Task to carry out: A full, exact copy of the records below is the required answer.

Supplied information:
Start of Block

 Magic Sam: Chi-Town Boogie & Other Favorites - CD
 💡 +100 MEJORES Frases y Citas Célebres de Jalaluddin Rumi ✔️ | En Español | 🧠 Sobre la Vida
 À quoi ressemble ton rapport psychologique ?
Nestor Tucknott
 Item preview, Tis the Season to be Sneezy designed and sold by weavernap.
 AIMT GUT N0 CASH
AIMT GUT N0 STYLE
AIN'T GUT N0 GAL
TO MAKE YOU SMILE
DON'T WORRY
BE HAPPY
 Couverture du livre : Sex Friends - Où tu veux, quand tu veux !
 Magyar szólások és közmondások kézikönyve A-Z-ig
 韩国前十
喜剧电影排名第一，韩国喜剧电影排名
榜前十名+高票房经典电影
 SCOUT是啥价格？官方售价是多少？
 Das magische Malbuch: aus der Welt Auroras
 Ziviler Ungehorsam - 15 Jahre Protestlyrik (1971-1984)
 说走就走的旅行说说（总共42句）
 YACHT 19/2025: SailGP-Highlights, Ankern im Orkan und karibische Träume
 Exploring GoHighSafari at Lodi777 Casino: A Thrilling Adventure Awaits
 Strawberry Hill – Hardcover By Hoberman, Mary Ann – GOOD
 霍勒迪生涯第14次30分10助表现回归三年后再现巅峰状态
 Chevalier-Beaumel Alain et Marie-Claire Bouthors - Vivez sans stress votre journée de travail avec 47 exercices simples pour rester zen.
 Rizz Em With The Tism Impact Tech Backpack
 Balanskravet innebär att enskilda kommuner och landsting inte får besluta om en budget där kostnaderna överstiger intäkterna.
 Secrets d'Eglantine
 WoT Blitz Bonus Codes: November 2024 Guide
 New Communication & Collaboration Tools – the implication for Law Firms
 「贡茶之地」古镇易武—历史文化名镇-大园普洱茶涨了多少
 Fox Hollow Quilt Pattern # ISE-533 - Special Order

End of Block

Exercise answer:
 Magic Sam: Chi-Town Boogie & Other Favorites - CD
 💡 +100 MEJORES Frases y Citas Célebres de Jalaluddin Rumi ✔️ | En Español | 🧠 Sobre la Vida
 À quoi ressemble ton rapport psychologique ?
Nestor Tucknott
 Item preview, Tis the Season to be Sneezy designed and sold by weavernap.
 AIMT GUT N0 CASH
AIMT GUT N0 STYLE
AIN'T GUT N0 GAL
TO MAKE YOU SMILE
DON'T WORRY
BE HAPPY
 Couverture du livre : Sex Friends - Où tu veux, quand tu veux !
 Magyar szólások és közmondások kézikönyve A-Z-ig
 韩国前十
喜剧电影排名第一，韩国喜剧电影排名
榜前十名+高票房经典电影
 SCOUT是啥价格？官方售价是多少？
 Das magische Malbuch: aus der Welt Auroras
 Ziviler Ungehorsam - 15 Jahre Protestlyrik (1971-1984)
 说走就走的旅行说说（总共42句）
 YACHT 19/2025: SailGP-Highlights, Ankern im Orkan und karibische Träume
 Exploring GoHighSafari at Lodi777 Casino: A Thrilling Adventure Awaits
 Strawberry Hill – Hardcover By Hoberman, Mary Ann – GOOD
 霍勒迪生涯第14次30分10助表现回归三年后再现巅峰状态
 Chevalier-Beaumel Alain et Marie-Claire Bouthors - Vivez sans stress votre journée de travail avec 47 exercices simples pour rester zen.
 Rizz Em With The Tism Impact Tech Backpack
 Balanskravet innebär att enskilda kommuner och landsting inte får besluta om en budget där kostnaderna överstiger intäkterna.
 Secrets d'Eglantine
 WoT Blitz Bonus Codes: November 2024 Guide
 New Communication & Collaboration Tools – the implication for Law Firms
 「贡茶之地」古镇易武—历史文化名镇-大园普洱茶涨了多少
 Fox Hollow Quilt Pattern # ISE-533 - Special Order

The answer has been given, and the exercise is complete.